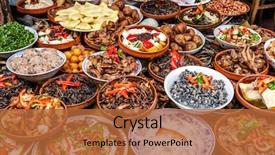  Presentation with chinese food - Amazing PPT theme having chinese food backdrop and a red colored foreground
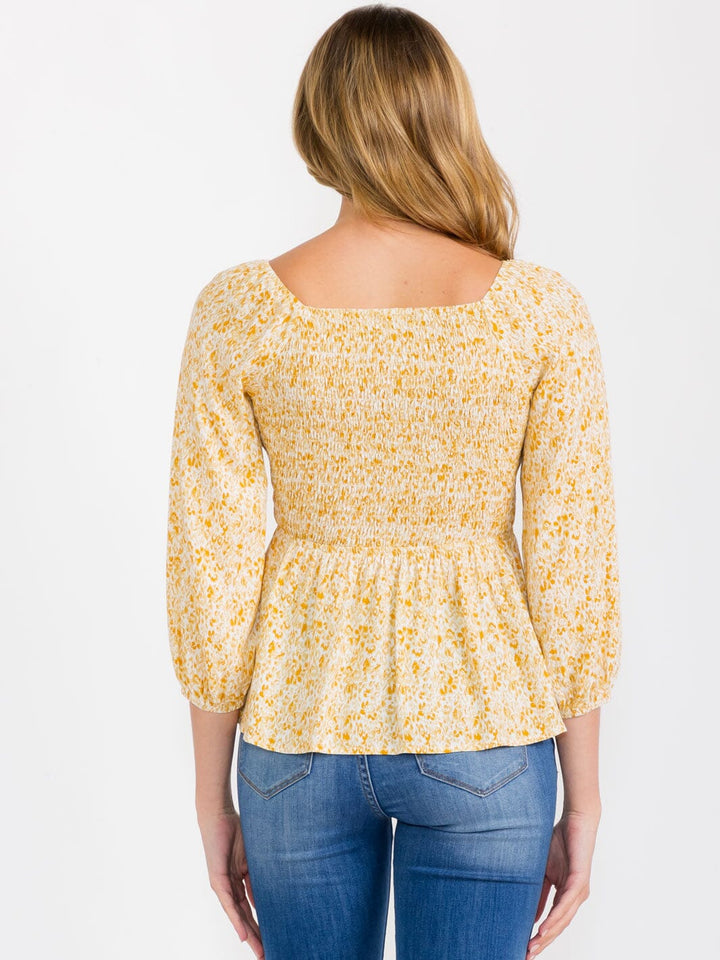WOMEN'S 3/4 SLEEVES V-NECK SMOCK PEPLUM FLORAL BLOUSE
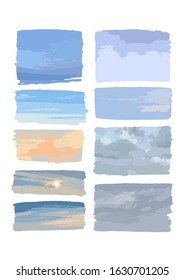 Set of various sky backgrounds isolated on white background. Vector natural design elements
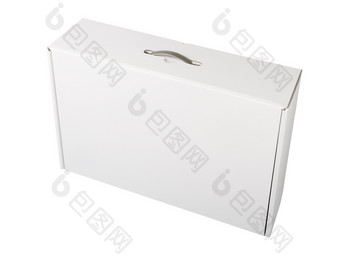 白色纸板盒子前面视图孤立的白色背景白色纸板盒子前面视图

[Problem statement]:
Please set down each line of the listing above word for word, skipping any pictures.

[Response to this exercise]:
  Presentation with chinese food - Amazing PPT theme having chinese food backdrop and a red colored foreground
WOMEN'S 3/4 SLEEVES V-NECK SMOCK PEPLUM FLORAL BLOUSE
 Set of various sky backgrounds isolated on white background. Vector natural design elements
 白色纸板盒子前面视图孤立的白色背景白色纸板盒子前面视图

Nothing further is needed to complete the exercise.